== Source data ==

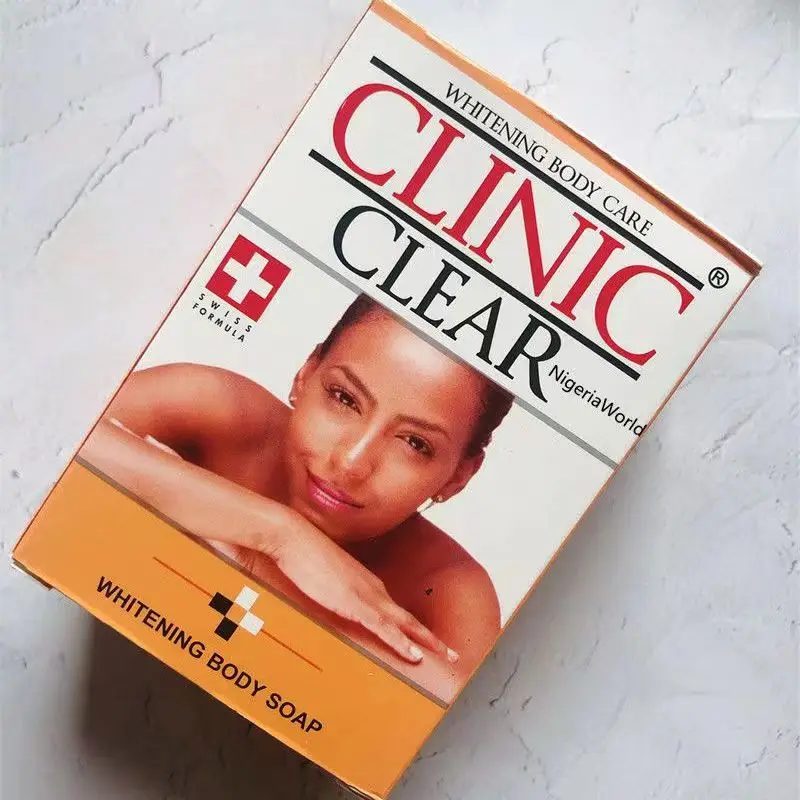 

Clinic Clear Whitening Body Care Lotion 250ml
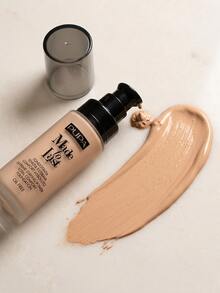 Pupa Made To Last Foundation 040 Medium Beige 30 ml – Foundation, Extreme Staying Power, For Women, Medium Beige, Oil Free, Suitable For Daily Makeup Routine - 040 Mellanbeige - Visa 3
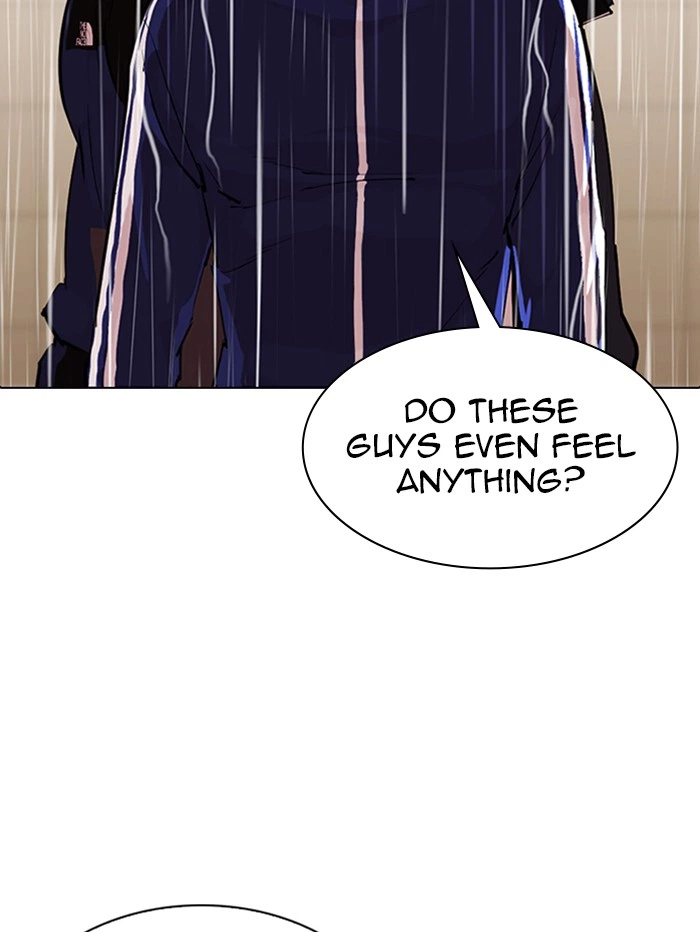 Lookism Chapter 335 — page 27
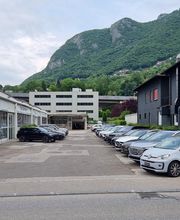 TECNOCARS GARAGE SAGL Bild 5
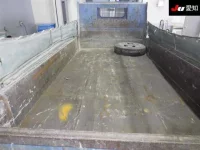 Mitsubishi CANTER лот № 7009 оценка R  с аукциона в Японии 3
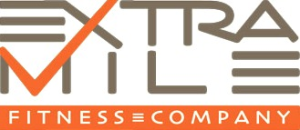 Exmi Nwi Region Run Club Summer/Fall 2026 Kickoff logo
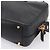 Borsa PRADA Saffiano Black Gold Tone Auth am12372SAM Nero - vista 16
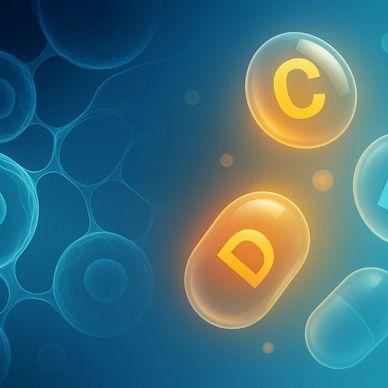 Boost energy, immunity, and clarity daily with supplements that support whole-body wellness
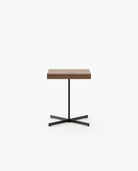 Laskasas LEE Nest & Side Table Walnut Veneer Matte - Araco Interiors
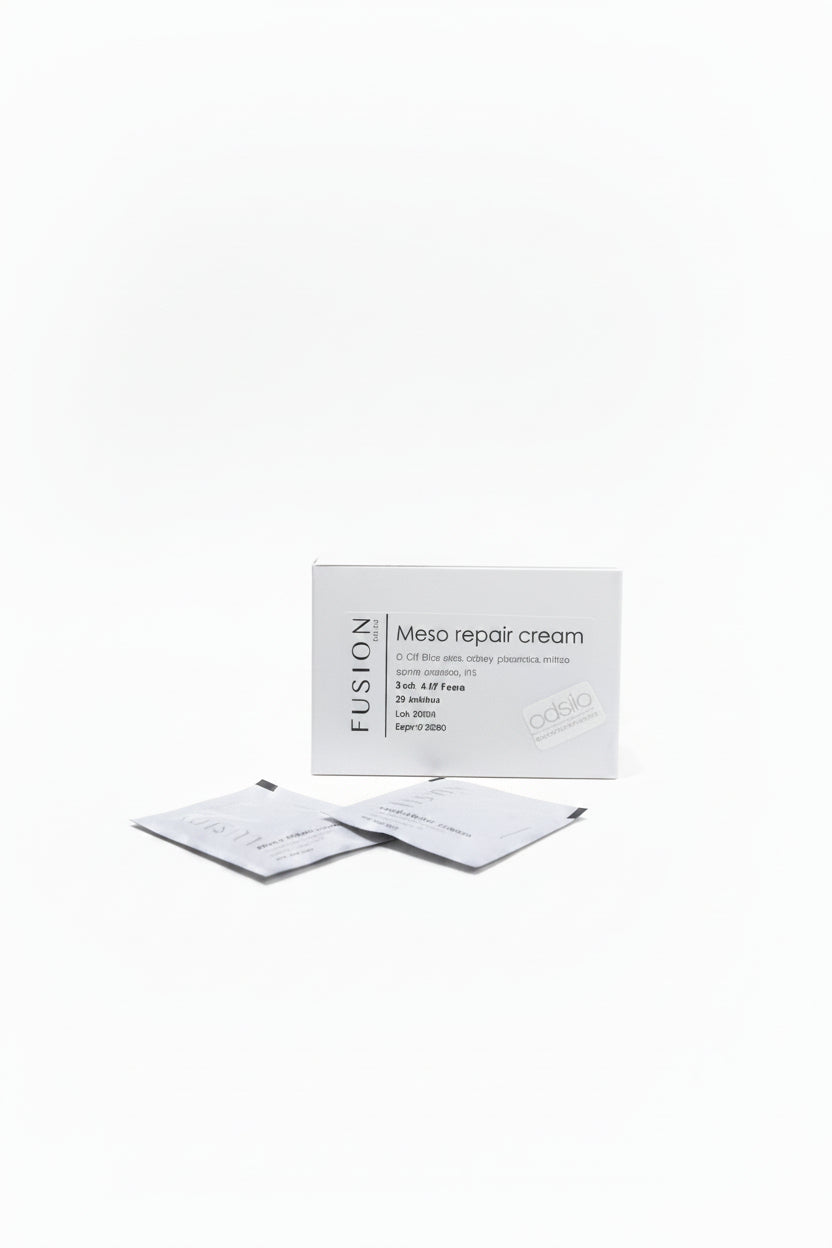 SACHET -MESO REPAIR CREAM (1 Box 50 samples)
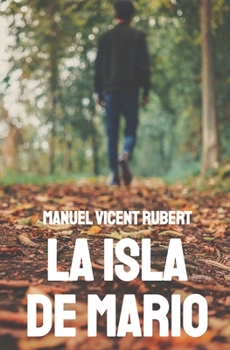 Paperback La isla de Mario [Spanish] Book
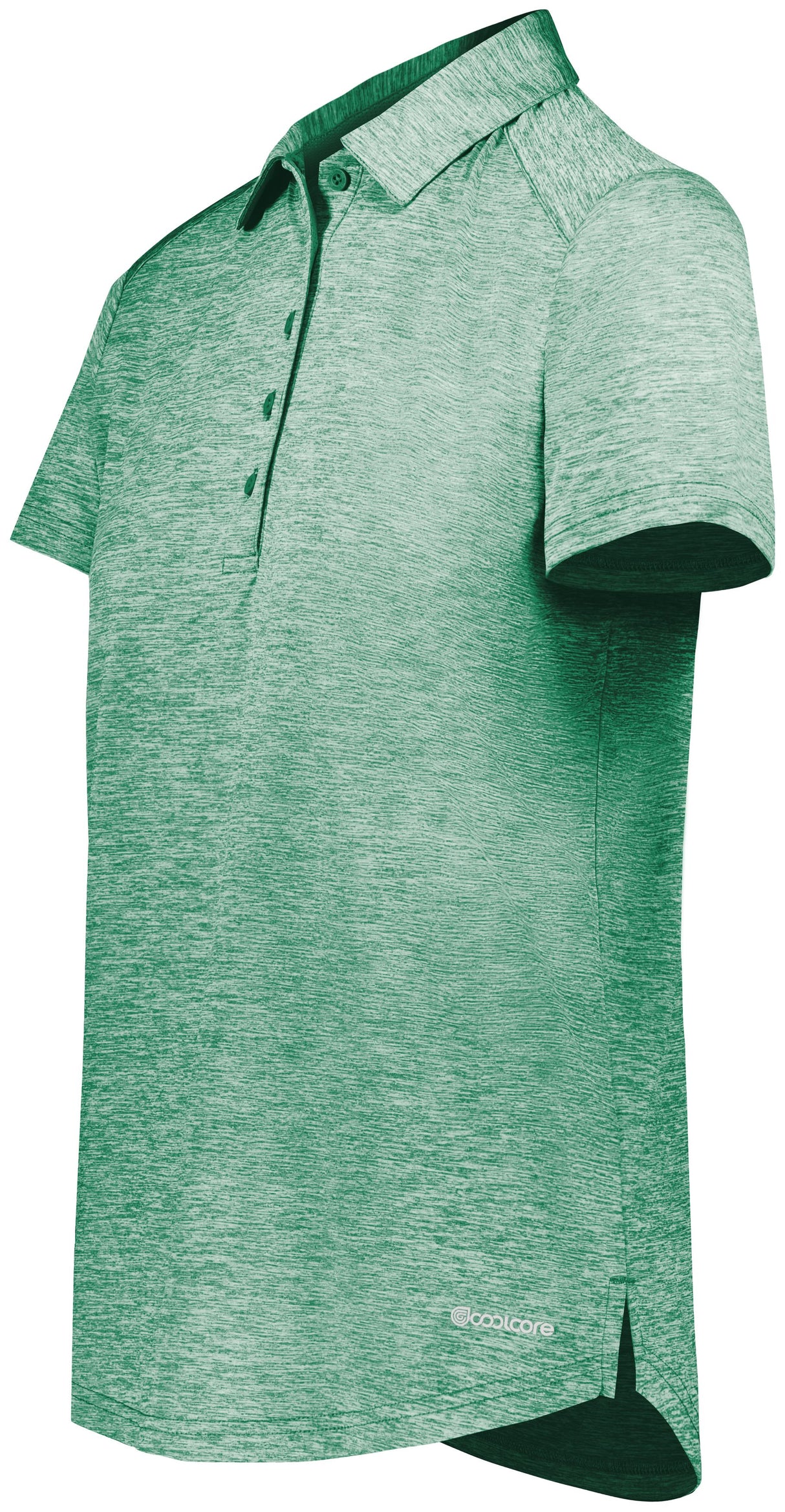 Holloway Ladies Electrify Polo Powered by Coolcore® 222772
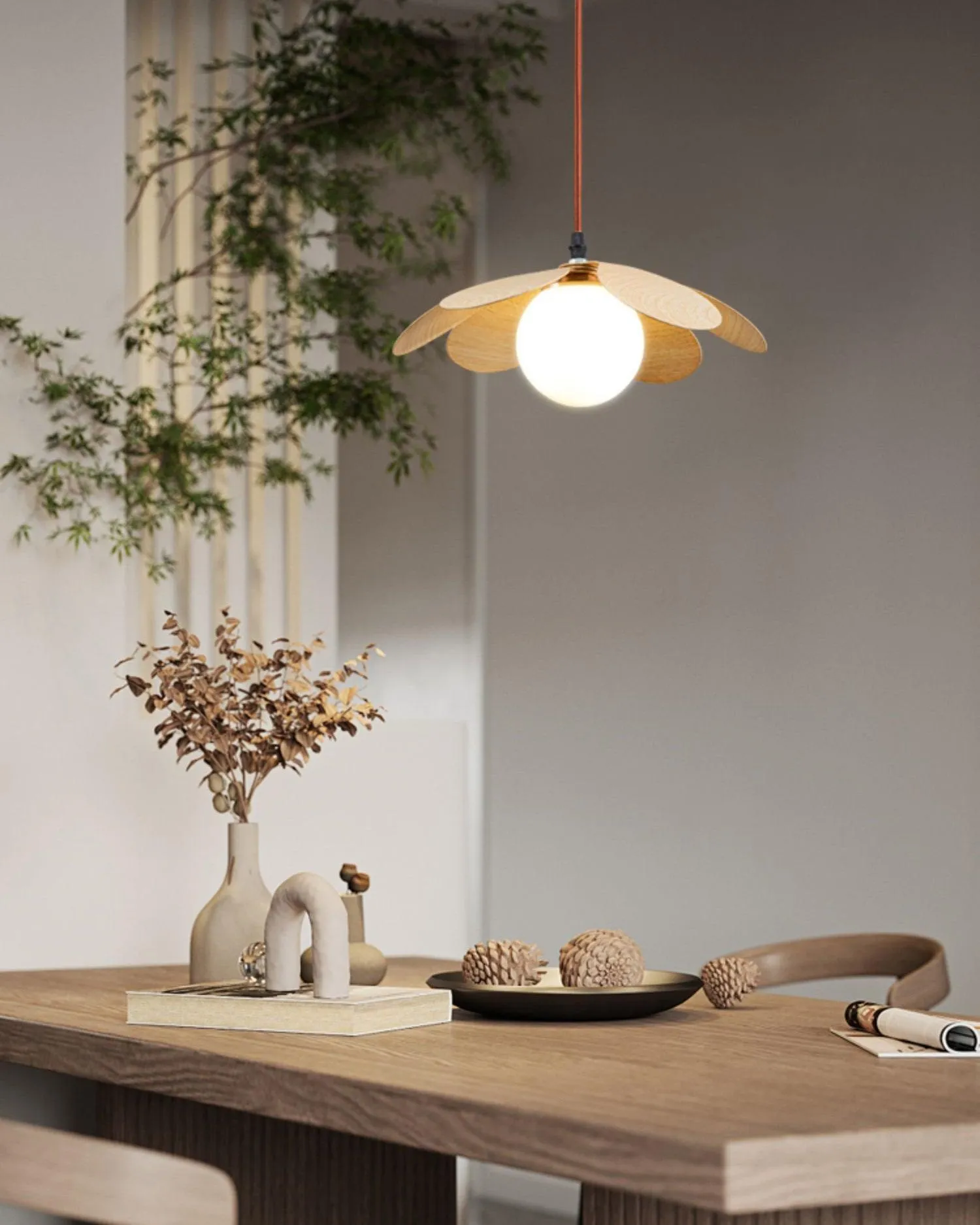 Fleur Petals Pendant Lamp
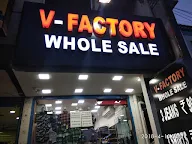 V Factory photo 1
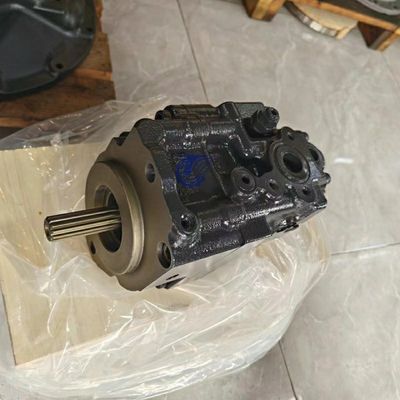 Komatsu FD50AYT-10 Gabelstapfenpumpe 708-1T-00711 708-1T-00710 Hydraulikpumpe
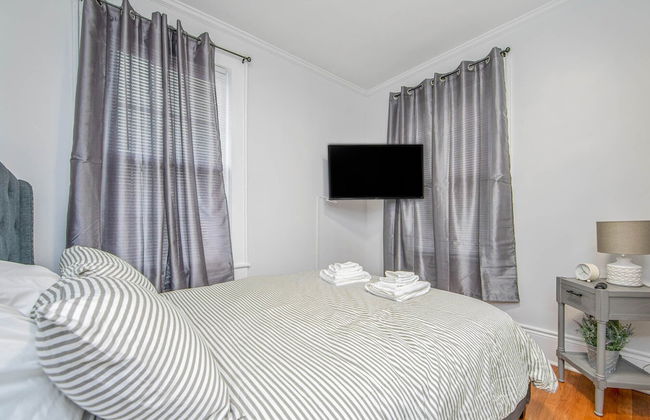 Terry Sanford Guest House - Foto 11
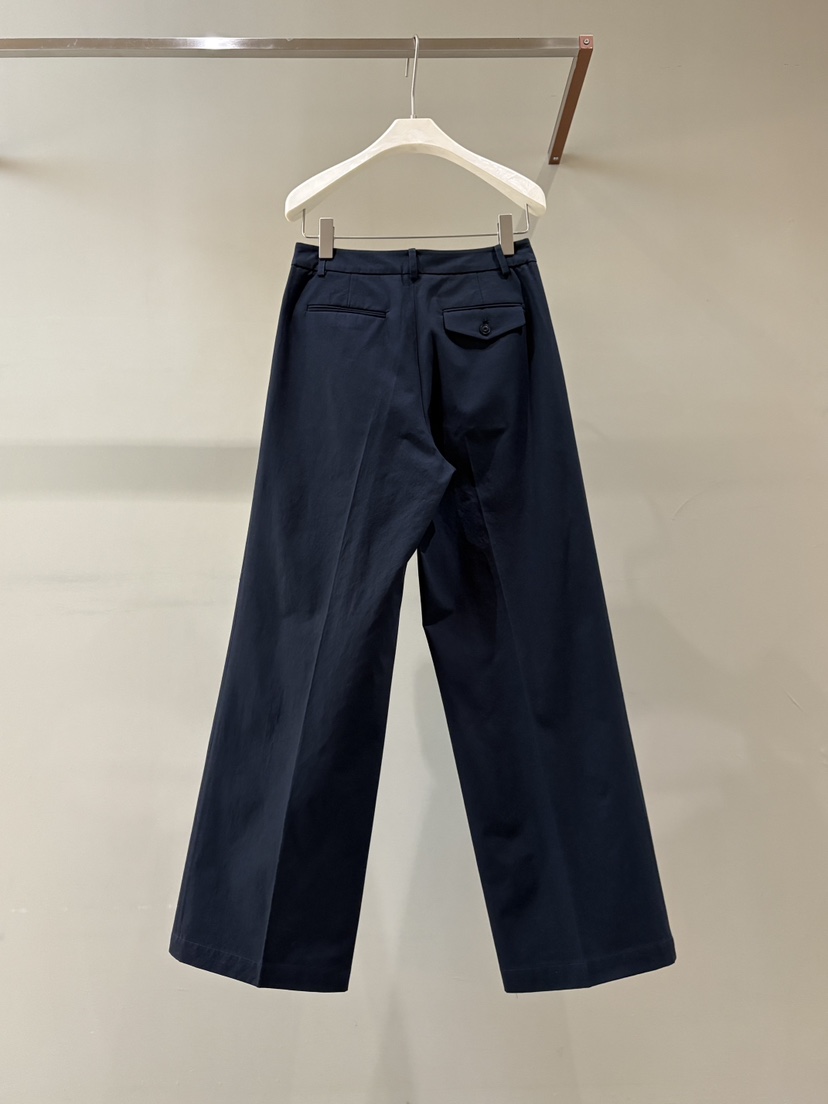 LIMED SPRUCE東大門代購女士新品職業時尚人氣熱賣休閑褲棉Limed Spruce休閑褲圖色2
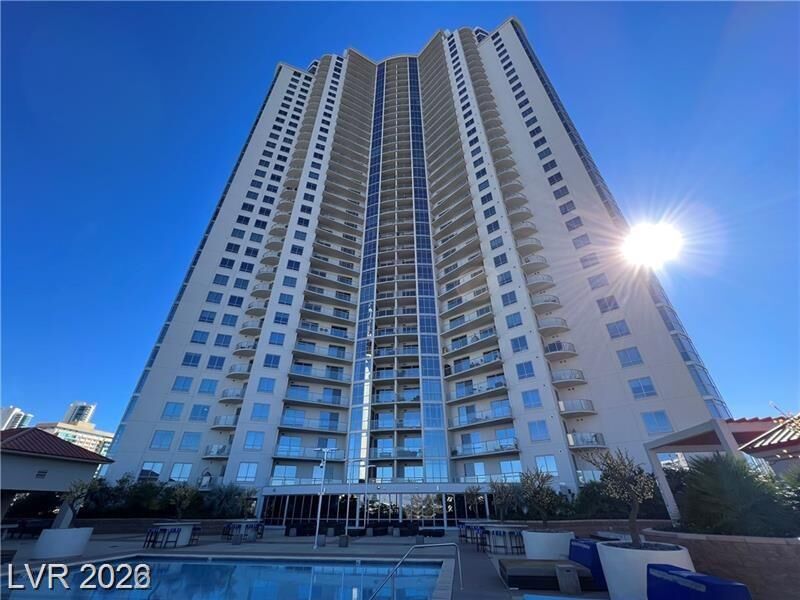 Property Photo:  200 West Sahara Avenue 2010  NV 89102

===

### Problem to solve
Please copy, exactly as written, the lines from the one that contains "SACHET -MESO REPAIR CREAM (1 Box 50 samples)" through the end of the records, both ends included. Do not include the pictures.

### Result of the task
 SACHET -MESO REPAIR CREAM (1 Box 50 samples)
 Paperback La isla de Mario [Spanish] Book
 Holloway Ladies Electrify Polo Powered by Coolcore® 222772
 Fleur Petals Pendant Lamp
 V Factory photo 1
 Komatsu FD50AYT-10 Gabelstapfenpumpe 708-1T-00711 708-1T-00710 Hydraulikpumpe
 Terry Sanford Guest House - Foto 11
 LIMED SPRUCE東大門代購女士新品職業時尚人氣熱賣休閑褲棉Limed Spruce休閑褲圖色2
 Property Photo:  200 West Sahara Avenue 2010  NV 89102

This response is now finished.